In later decades the National Liberals in Germany became the most strident nationalists and boosters of Weltpolitik.  Like today’s fatuous neo-imperialists and hysterical pundits who cry about WWIII (or WWIV or WWXXVII), the crazed liberal nationalist used the mad slogan, “Weltmacht oder Niedergang!” (World Power or Defeat) to describe Germany’s strategic predicament.  (Sounds sort of like “war for survival” and “existential threat,” does it it not?)  This sort of mentality bred a kind of paranoia about foreign threats–which were admittedly far more real and immediate for the Germans than they are for us–that encouraged the most reckless sort of confrontational policies and, well, we know how that worked out.  (It is worth noting that the average American “conservative” pundit seems to think that the U.S., preeminent superpower in the world, is in the same straits as an emerging second-tier power, surrounded by powerful forces that are on the verge of annihilating it.) 

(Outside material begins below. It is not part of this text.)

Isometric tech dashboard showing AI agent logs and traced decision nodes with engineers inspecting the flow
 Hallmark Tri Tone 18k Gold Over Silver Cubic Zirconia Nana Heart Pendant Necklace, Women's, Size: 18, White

After the Great War, the old Liberal voters turned to German nationalism even more strongly.  Not only, as the book’s famous title has it, did they think they were free under Nazi despotism, but I expect that they, the ordinary supporters, believed the establishment of the New Order would bring freedom to many of its conquered peoples (the one word that comes up again and again in Nazi songs is Freiheit, which should give everyone who freely talks about bringing other people freedom pause).  For the ideologues themselves, the destruction of national enemies and the seizure of territory for their own people would provide greater freedom for their people–modern men, especially those whose inheritance derives from the principles of 1789, will constantly convince themselves that everything they do in the political sphere is for freedom or some other fine-sounding revolutionary principle.  Relatively normal people almost have to believe that their wars of aggression have some deeper or higher moral justification, or they are liable to lose confidence that their victories are worthy of respect and admiration.        

Of course, I can hardly blame the average Lebanese or Iraqi who now fail to discern the high-minded, deeply moral purpose of the “birth pangs of a new Middle East.”  They, unlike Secretary Rice, must not be students of history.  They simply don’t know about all those other times in the past when this sort of idea worked out so well.